## Assigned task:
Exactly the lines below from the line with "Photo of free Microwave (High Wycombe) #2" through the line with "2020 BMW M550Xi - Фото 2" must make up the answer, both ends included and pictures left out.

## Material for this exercise:
· · · · · · ·
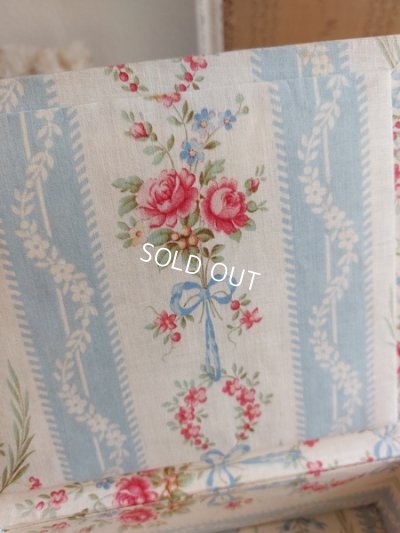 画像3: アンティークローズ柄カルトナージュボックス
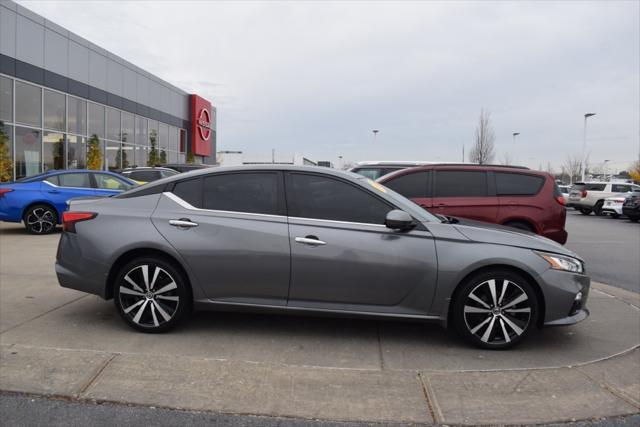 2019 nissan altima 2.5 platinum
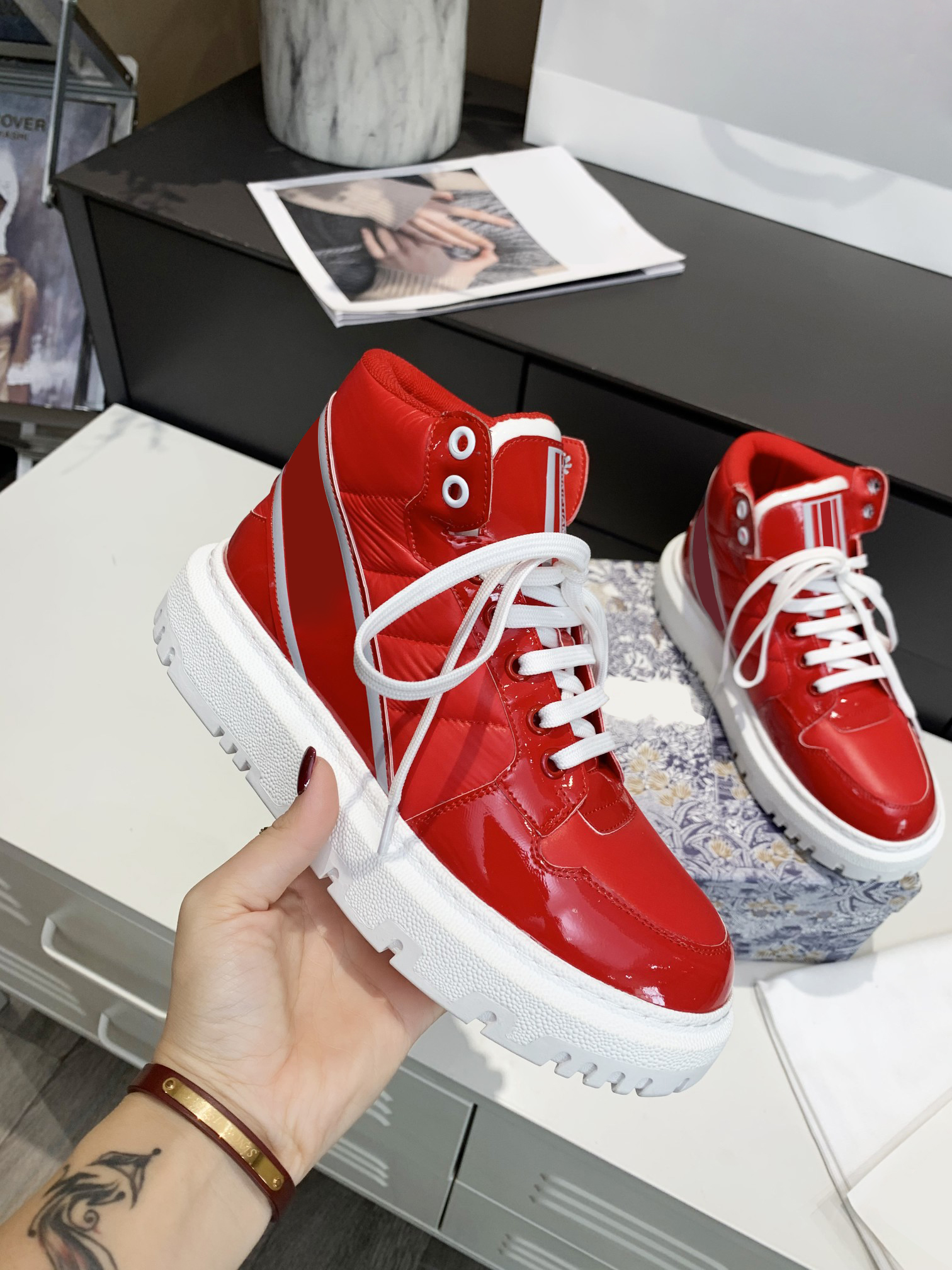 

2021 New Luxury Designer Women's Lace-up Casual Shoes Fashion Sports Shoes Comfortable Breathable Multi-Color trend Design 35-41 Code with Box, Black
· · · · · · ·
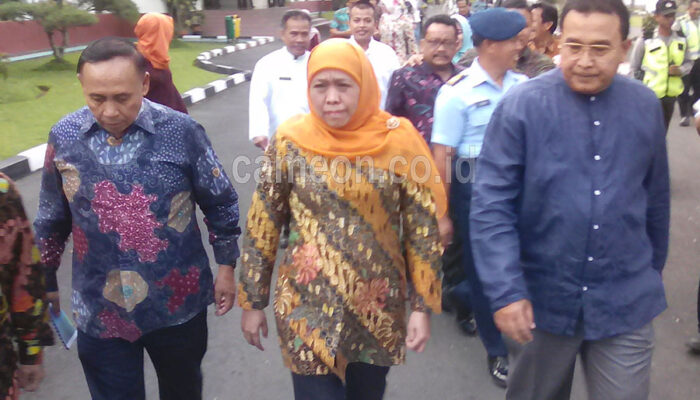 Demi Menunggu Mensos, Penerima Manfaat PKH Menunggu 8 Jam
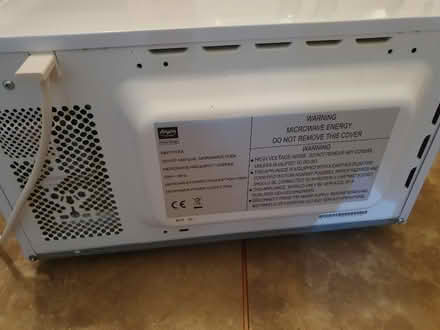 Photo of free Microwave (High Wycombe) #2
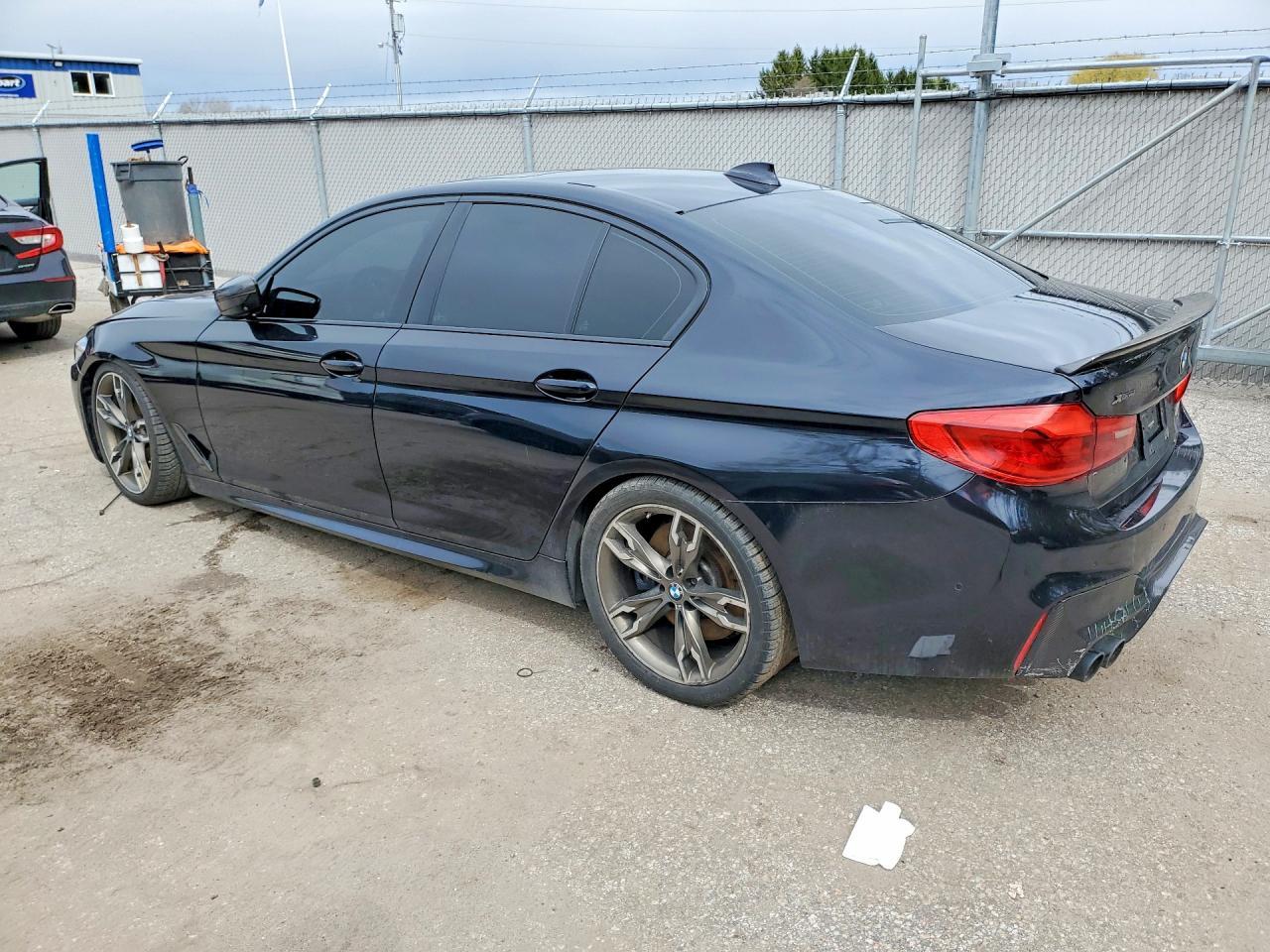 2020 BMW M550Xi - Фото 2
· · · · · · ·
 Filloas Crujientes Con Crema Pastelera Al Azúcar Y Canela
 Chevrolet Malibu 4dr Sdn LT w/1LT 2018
· · · · · · ·
## Written answer:
 Photo of free Microwave (High Wycombe) #2
 2020 BMW M550Xi - Фото 2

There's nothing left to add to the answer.